The arrival of the plague in the north of England two years later was heralded by an earthquake which shook York minister. Another omen was the death of Siamese twins in Hull, who were as famous for their singing voices as for their unusual condition. By coincidence, as the Black Death swept through England, the sheep, who outnumbered the human population, also succumbed to a disease, probably liver fluke, and died by the thousand. An opportunistic Scottish army massed on the border to exploit England's weakness. They caught the plague and many died, but enough survived to take the plague home with them.

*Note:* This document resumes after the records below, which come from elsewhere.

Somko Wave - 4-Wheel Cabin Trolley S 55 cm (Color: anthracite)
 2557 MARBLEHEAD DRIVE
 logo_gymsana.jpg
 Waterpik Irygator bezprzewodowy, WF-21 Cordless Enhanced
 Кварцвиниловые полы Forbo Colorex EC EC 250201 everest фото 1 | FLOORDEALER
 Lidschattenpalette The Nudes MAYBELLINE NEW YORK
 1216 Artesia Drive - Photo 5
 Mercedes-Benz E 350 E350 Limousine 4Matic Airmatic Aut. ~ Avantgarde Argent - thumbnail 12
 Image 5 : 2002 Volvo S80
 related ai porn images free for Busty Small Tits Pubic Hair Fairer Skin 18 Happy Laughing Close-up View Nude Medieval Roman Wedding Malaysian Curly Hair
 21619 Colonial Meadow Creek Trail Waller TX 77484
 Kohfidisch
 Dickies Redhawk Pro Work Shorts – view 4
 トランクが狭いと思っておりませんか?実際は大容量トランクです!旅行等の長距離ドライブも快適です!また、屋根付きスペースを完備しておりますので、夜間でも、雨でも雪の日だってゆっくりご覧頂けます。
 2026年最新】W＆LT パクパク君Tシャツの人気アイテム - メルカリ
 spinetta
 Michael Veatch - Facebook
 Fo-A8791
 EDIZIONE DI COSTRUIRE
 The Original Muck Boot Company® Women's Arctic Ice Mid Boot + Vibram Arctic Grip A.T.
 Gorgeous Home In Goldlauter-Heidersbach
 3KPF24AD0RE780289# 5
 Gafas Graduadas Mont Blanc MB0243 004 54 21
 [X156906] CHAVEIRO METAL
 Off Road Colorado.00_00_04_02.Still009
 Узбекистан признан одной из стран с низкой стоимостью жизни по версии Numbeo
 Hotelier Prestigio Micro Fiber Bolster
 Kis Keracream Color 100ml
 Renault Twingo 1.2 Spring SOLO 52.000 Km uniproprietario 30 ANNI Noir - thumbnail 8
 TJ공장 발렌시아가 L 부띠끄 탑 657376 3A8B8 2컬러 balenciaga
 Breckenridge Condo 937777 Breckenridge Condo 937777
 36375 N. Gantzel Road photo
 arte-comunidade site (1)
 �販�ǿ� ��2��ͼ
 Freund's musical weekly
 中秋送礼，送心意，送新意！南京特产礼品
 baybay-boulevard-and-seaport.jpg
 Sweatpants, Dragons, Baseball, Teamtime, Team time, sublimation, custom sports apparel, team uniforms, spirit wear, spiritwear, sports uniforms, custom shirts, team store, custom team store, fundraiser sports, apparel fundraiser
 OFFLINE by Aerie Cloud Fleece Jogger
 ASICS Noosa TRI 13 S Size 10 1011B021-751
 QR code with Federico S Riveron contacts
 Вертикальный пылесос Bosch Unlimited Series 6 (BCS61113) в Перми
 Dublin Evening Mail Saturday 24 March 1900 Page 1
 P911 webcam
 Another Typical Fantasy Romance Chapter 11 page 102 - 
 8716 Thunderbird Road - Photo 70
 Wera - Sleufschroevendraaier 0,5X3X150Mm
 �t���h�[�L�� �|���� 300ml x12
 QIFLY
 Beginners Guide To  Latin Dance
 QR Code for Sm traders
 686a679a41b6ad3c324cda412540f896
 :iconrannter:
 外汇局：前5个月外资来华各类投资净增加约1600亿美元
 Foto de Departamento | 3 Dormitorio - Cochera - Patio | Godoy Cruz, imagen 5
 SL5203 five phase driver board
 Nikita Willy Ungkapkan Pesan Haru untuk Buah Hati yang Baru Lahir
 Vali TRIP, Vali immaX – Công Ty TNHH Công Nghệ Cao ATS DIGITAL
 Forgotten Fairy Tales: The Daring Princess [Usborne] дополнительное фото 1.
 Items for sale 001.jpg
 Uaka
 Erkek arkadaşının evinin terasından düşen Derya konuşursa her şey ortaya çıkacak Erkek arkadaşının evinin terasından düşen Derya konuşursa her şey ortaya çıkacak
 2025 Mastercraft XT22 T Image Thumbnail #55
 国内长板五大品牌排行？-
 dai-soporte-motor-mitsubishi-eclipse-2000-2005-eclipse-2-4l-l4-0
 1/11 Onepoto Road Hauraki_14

To travel from the Crimea to the Orkneys within three years is an astonishing speed for Y. pestis to travel. In Asia it usually spreads at a rate of a mile per decade. The strain which caused the Black Death was unusually virulent, probably pneumonic as well as bubonic, although some communities suffered both varieties one after the other. Pneumonic plague is airborne, carried in coughs and sneezes, and unhappily causes its victims to cough quite a lot during the 24 hours it takes to kill them. It seemed to some that the plague could travel in a glance and to catch the eye of an infected stranger was enough to doom you. Another theory was that the disease was spread by a Jewish conspiracy to poison wells. Dreadful massacres of Jewish communities followed. Lepers, who wandered Europe in bands during this period, were also looked on with suspicion.

Yet considering how tumultuous public order was during the 14th century, the social fabric held together well. Twentieth-century theoreticians of thermonuclear war estimated that a 50 per cent death rate should destroy a society. Although the Black Death was often stronger than family bonds, and caused parents to abandon infected children, and vice versa, society held together. To Kelly the heroes of the Black Death were the emerging middle class of notaries who stayed at their desks, settling estates and drawing up wills and holding off chaos. Such men kept the plague chronicles which give us the day-to-day details of the Black Death. Many end in mid-sentence.

Did the Black Death change anything? It is natural in a book of this scope that the author will have to make sweeping statements which will cause the well-informed to grit their teeth. Kelly is a fair-minded and reliable guide, with a gift for providing racy and vivid background for those who know nothing of the Middle Ages.

He closes with a convincing rebuttal of those who claim the Black Death was not plague but another unknown disease. He is perhaps at his most contentious in the brief summing up of how the Black Death changed Europe, because it is not clear that it changed anything. All the trends he identifies were established before the plague arrived. It is astonishing that such a catastrophe could have no lasting effect on anything but, as Khan Janibeg knew, life is what you make of it.